Auparavant nous avions visité, à Sarakiniko dans le nord de l'ile, un site de falaises et roches blanches étincelantes absolument extraordinaire. Ce paysage est quasi lunaire, et les reliefs créés par l'érosion éolienne tout à fait surprenants. Ce matériau, sans doute assez friable, compose des formes très variées et parait par endroit comme sculpté en arabesques aléatoires et en colonnes ou statues presque régulières. Il s'agit, d'après nos guides, d'un tuff volcanique. Naturellement, le nom scientifique et la composition minérale d'une telle roche nous a échappé. Si cela inspire l'un de vous, nous serions bigrement intéressés par la résolution de cette nième énigme. Merci d'avance, avec nos excuses pour ces multiples sollicitations. En cette après-midi du 15 août, il y avait pas mal de monde à cet endroit, notamment lorsque l'accès à la mer est facile, mais le site est tellement grand qu'il était encore possible de s'y promener et de faire des photos en ayant l'impression de l'avoir pour soi.
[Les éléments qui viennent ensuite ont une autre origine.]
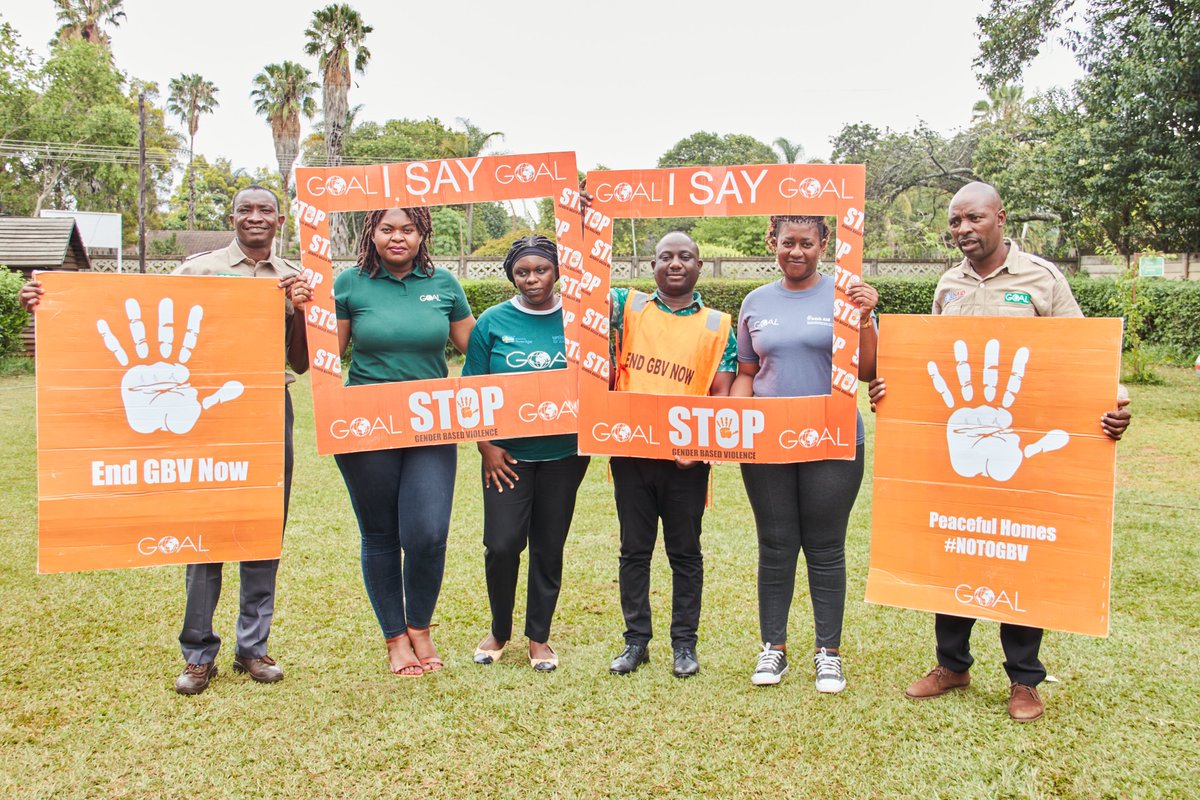 GoalZimbabwe's tweet photo. In Zimbabwe, 
👉1 in 3 women aged 15 to 49 have experienced physical violence.
👉 1 in 4 women have experienced sexual violence since the age of 15.
 As GOALies we join the rest of the world in  commemorating the #16DaysOfActivismAgainstGBV &amp; to #UNITE in #EndingGBVNow https://t.co/EN1AdCAkH7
On en vient même à se demande à quel genre de film un tel décors naturel pourrait servir.

Provathas cote sud

Une dernière petite expédition dans le sud de l'ile, avant de rendre la Chevrolet, ce dimanche matin, nous a permis de compléter notre vue terrestre de cette formidable Cyclade.

Nous devrions rester encore quelques jours à Milos avant de regagner le continent dans le milieu de la semaine.